Pictures aside, each entry has to be returned exactly as it stands.

[Image-caption web data]

···

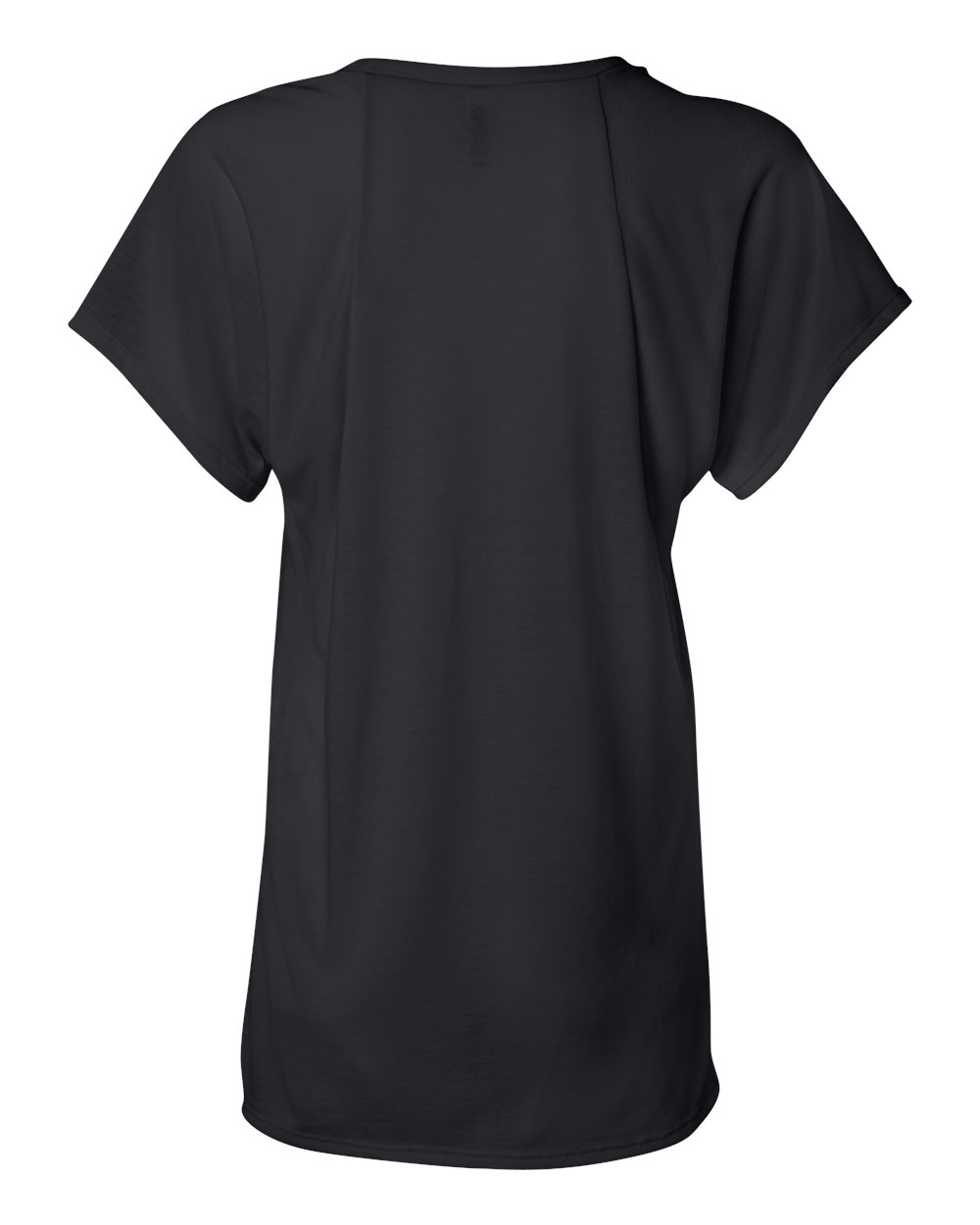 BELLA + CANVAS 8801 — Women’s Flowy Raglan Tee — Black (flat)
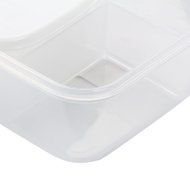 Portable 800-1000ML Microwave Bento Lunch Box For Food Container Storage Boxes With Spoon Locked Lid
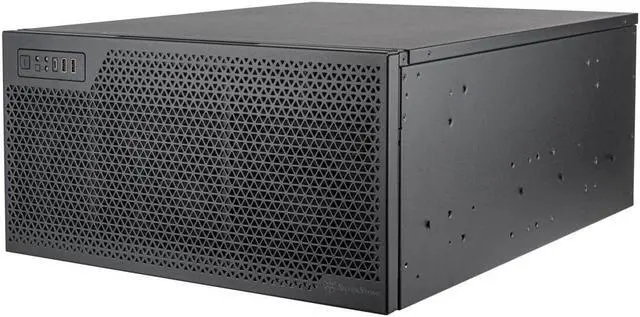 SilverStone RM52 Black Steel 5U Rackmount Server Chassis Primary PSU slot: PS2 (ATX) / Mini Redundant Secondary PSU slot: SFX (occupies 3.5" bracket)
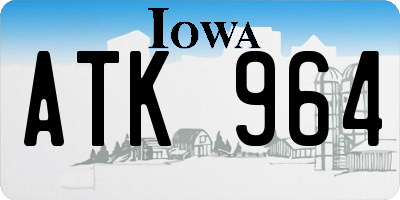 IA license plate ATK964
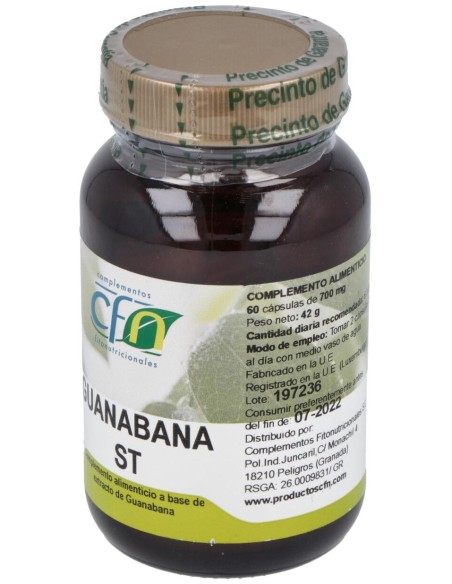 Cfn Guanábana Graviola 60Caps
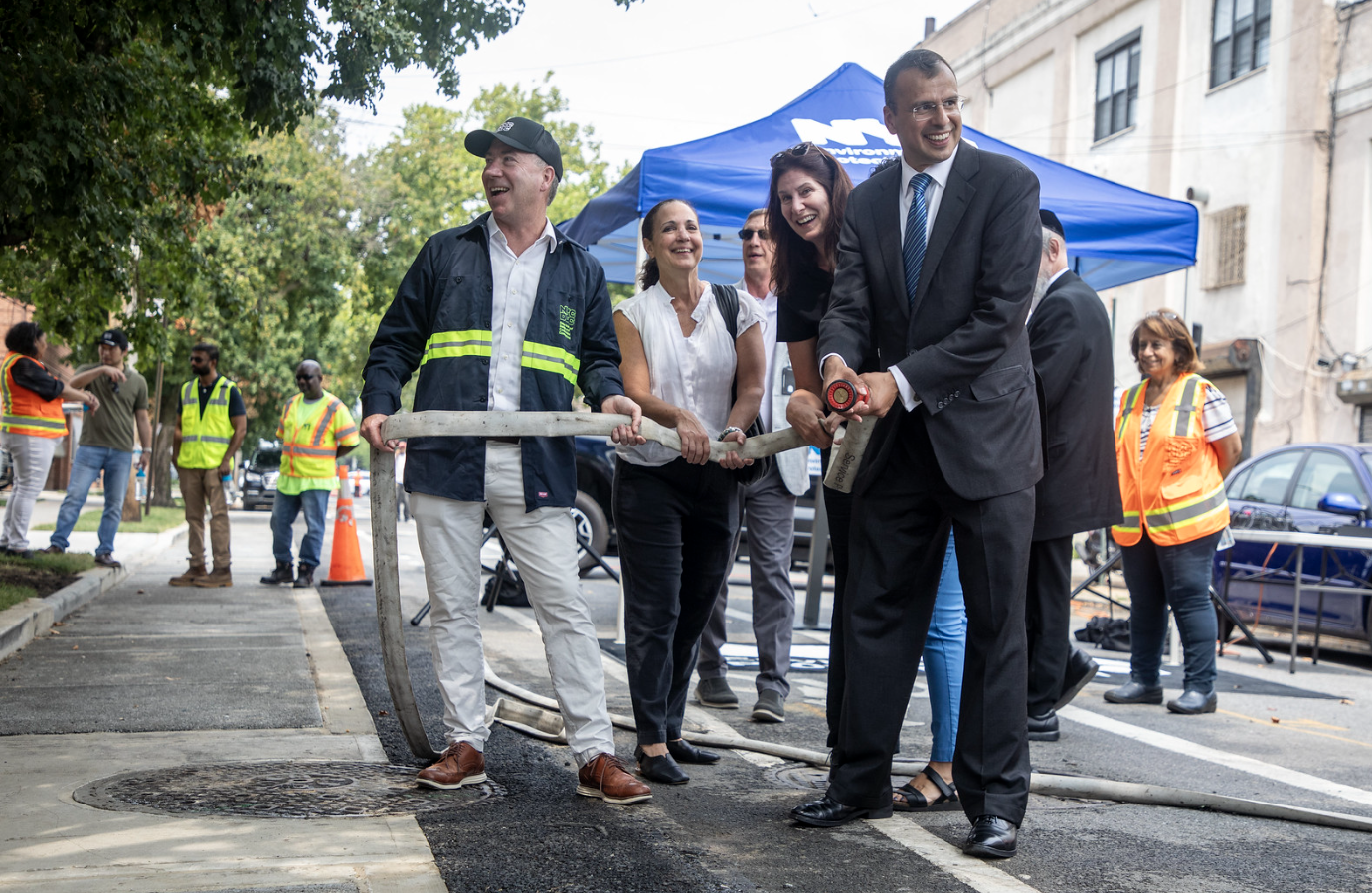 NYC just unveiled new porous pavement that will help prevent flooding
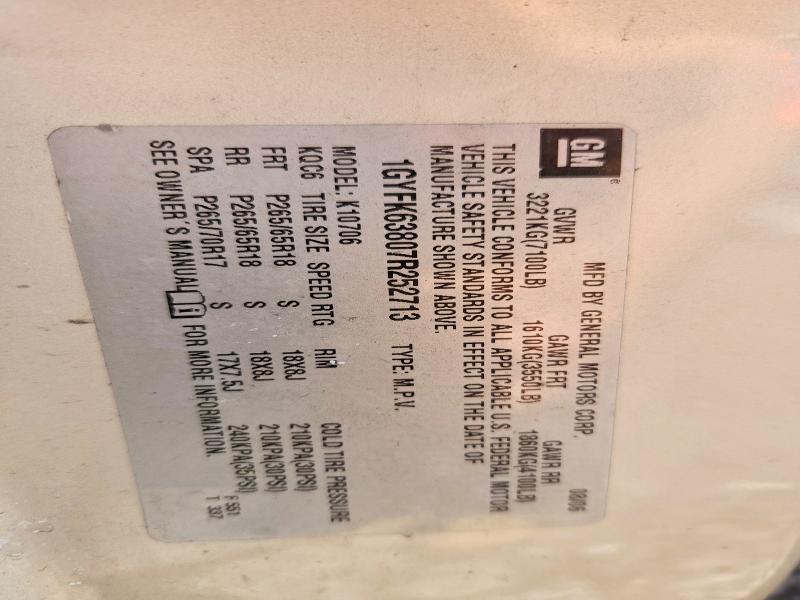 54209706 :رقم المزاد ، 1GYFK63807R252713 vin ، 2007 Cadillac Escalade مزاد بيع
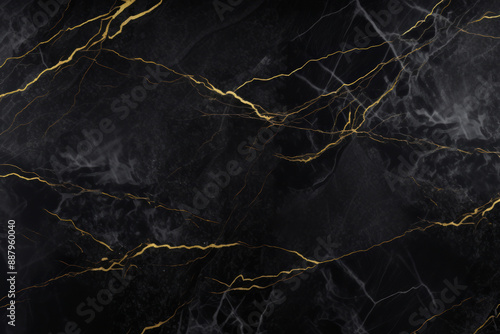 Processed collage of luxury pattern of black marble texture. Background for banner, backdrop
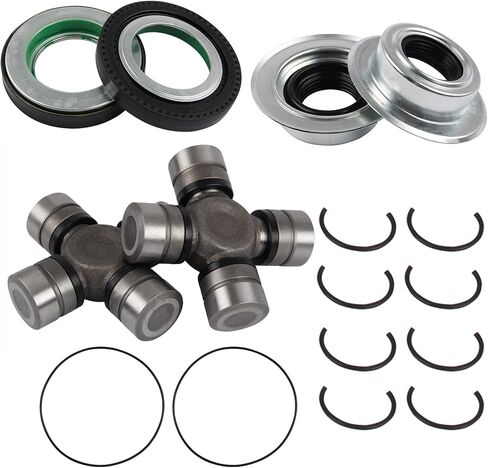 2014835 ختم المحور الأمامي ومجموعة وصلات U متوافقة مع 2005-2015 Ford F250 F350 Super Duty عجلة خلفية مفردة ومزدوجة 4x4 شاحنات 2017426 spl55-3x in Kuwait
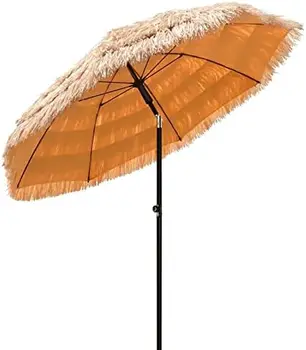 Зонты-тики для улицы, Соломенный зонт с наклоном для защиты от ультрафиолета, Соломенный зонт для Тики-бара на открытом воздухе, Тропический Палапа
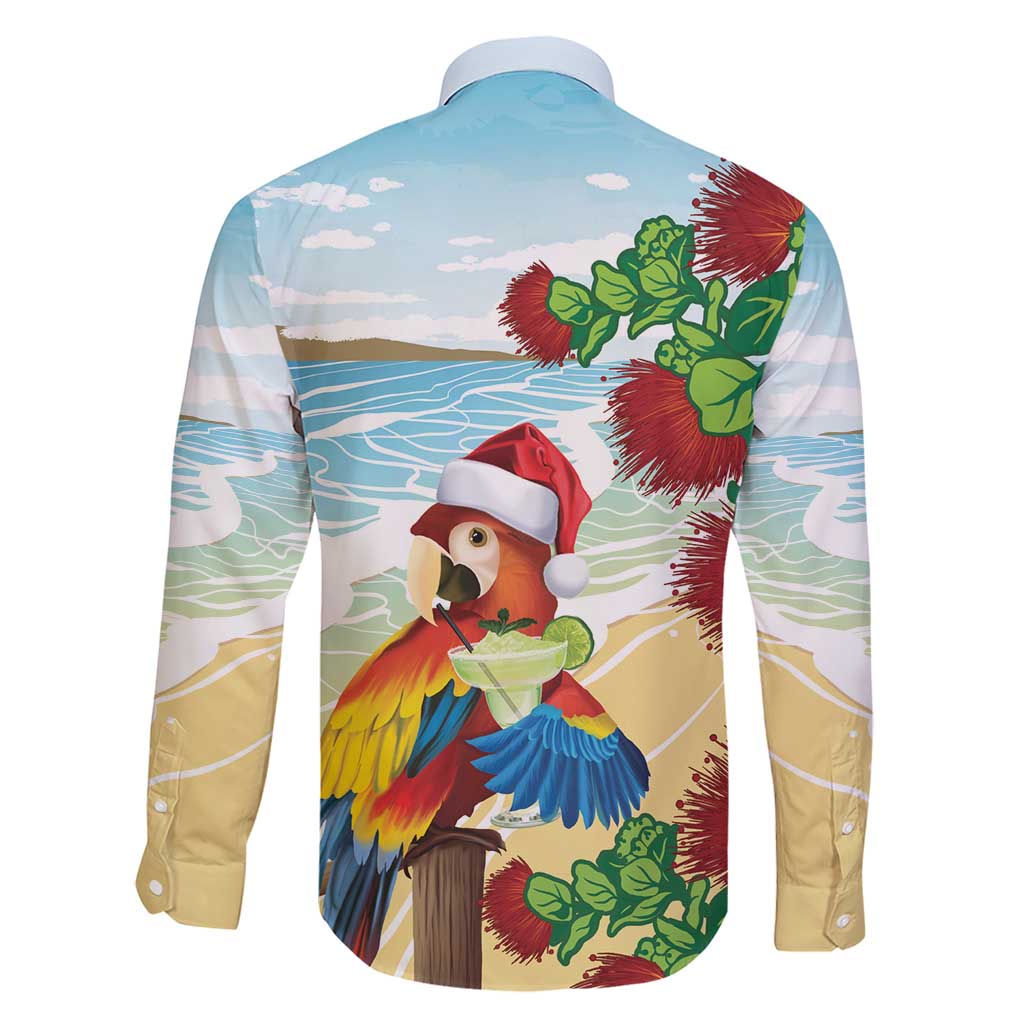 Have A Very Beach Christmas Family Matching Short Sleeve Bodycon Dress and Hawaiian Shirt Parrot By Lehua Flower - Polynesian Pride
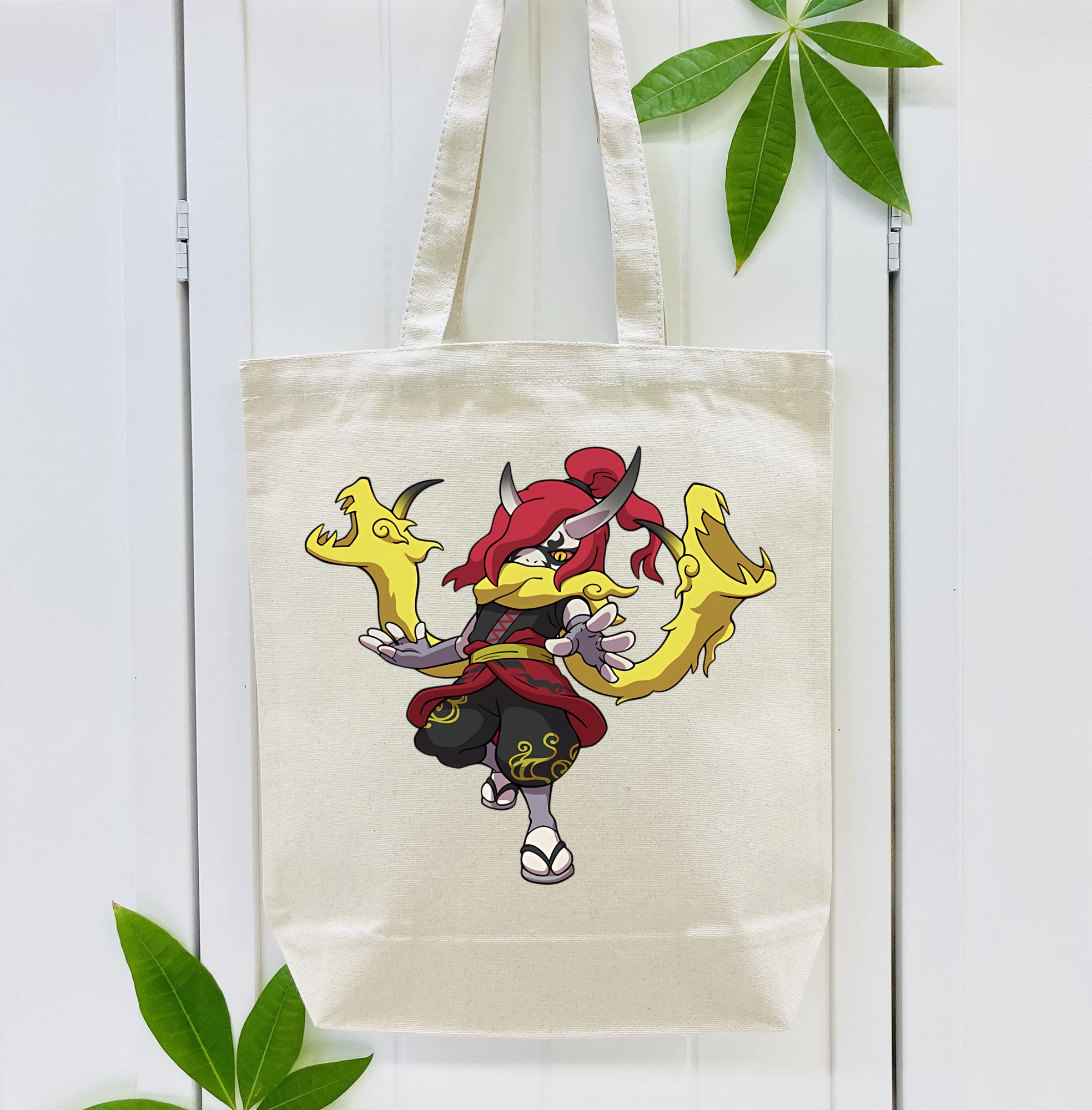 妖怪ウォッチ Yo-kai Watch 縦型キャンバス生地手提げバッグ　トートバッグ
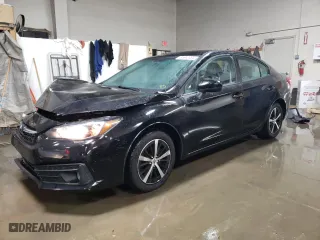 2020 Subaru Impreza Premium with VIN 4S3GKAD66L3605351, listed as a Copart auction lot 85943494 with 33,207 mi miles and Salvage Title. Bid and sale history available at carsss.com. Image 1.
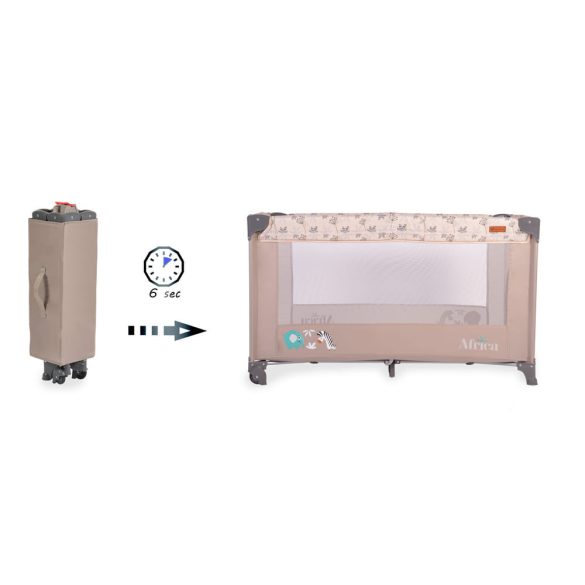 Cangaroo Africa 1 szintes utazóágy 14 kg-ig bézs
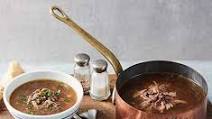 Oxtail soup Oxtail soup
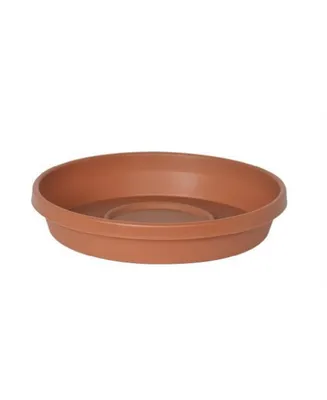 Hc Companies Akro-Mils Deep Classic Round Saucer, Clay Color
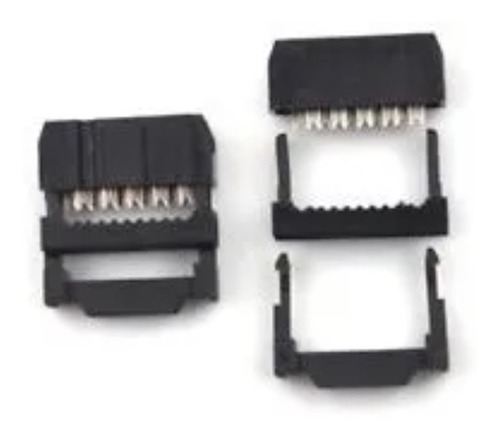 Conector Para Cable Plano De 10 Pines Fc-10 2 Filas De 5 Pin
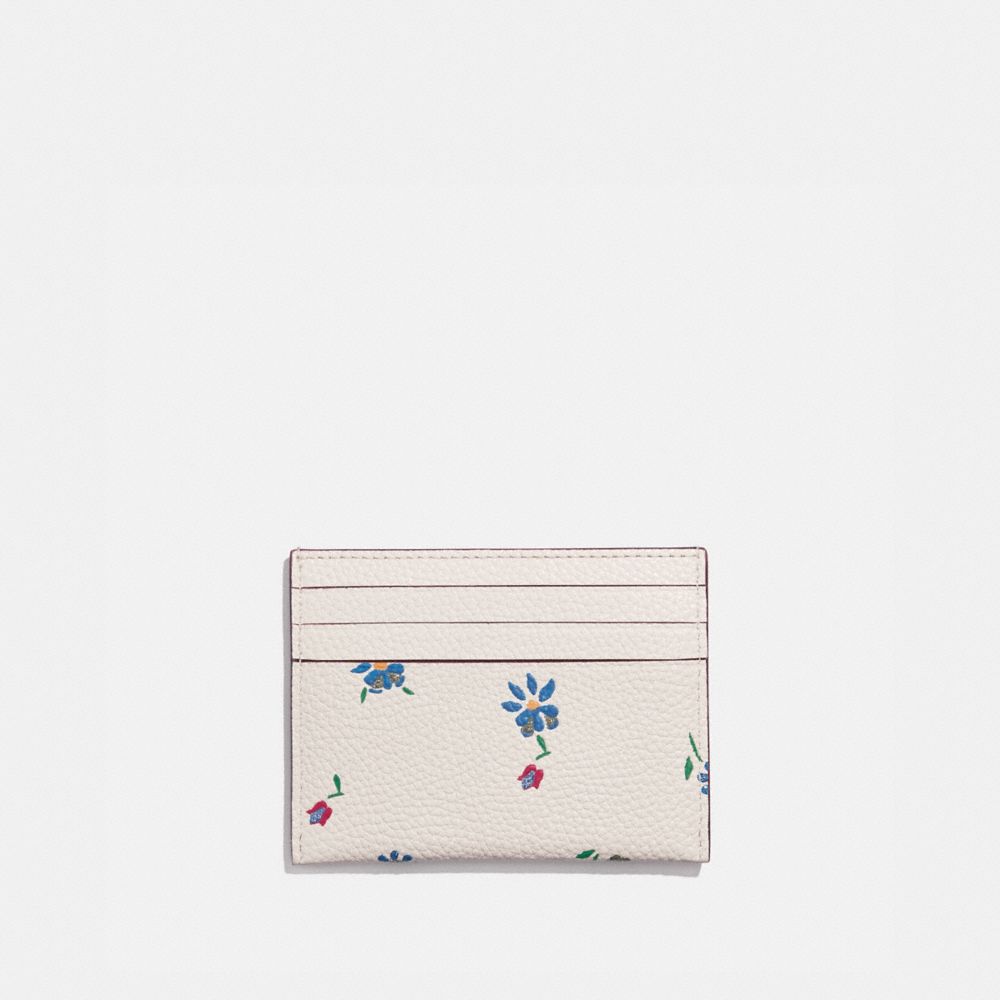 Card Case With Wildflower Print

···

▸ **SOLUTION TO THIS TASK**
 BELLA + CANVAS 8801 — Women’s Flowy Raglan Tee — Black (flat)
 Portable 800-1000ML Microwave Bento Lunch Box For Food Container Storage Boxes With Spoon Locked Lid
 SilverStone RM52 Black Steel 5U Rackmount Server Chassis Primary PSU slot: PS2 (ATX) / Mini Redundant Secondary PSU slot: SFX (occupies 3.5" bracket)
 IA license plate ATK964
 Cfn Guanábana Graviola 60Caps
 NYC just unveiled new porous pavement that will help prevent flooding
 54209706 :رقم المزاد ، 1GYFK63807R252713 vin ، 2007 Cadillac Escalade مزاد بيع
 Processed collage of luxury pattern of black marble texture. Background for banner, backdrop
 2014835 ختم المحور الأمامي ومجموعة وصلات U متوافقة مع 2005-2015 Ford F250 F350 Super Duty عجلة خلفية مفردة ومزدوجة 4x4 شاحنات 2017426 spl55-3x in Kuwait
 Зонты-тики для улицы, Соломенный зонт с наклоном для защиты от ультрафиолета, Соломенный зонт для Тики-бара на открытом воздухе, Тропический Палапа
 Have A Very Beach Christmas Family Matching Short Sleeve Bodycon Dress and Hawaiian Shirt Parrot By Lehua Flower - Polynesian Pride
 妖怪ウォッチ Yo-kai Watch 縦型キャンバス生地手提げバッグ　トートバッグ
 2020 Subaru Impreza Premium with VIN 4S3GKAD66L3605351, listed as a Copart auction lot 85943494 with 33,207 mi miles and Salvage Title. Bid and sale history available at carsss.com. Image 1.
 Cangaroo Africa 1 szintes utazóágy 14 kg-ig bézs
 Oxtail soup Oxtail soup
 Hc Companies Akro-Mils Deep Classic Round Saucer, Clay Color
 Conector Para Cable Plano De 10 Pines Fc-10 2 Filas De 5 Pin
 Card Case With Wildflower Print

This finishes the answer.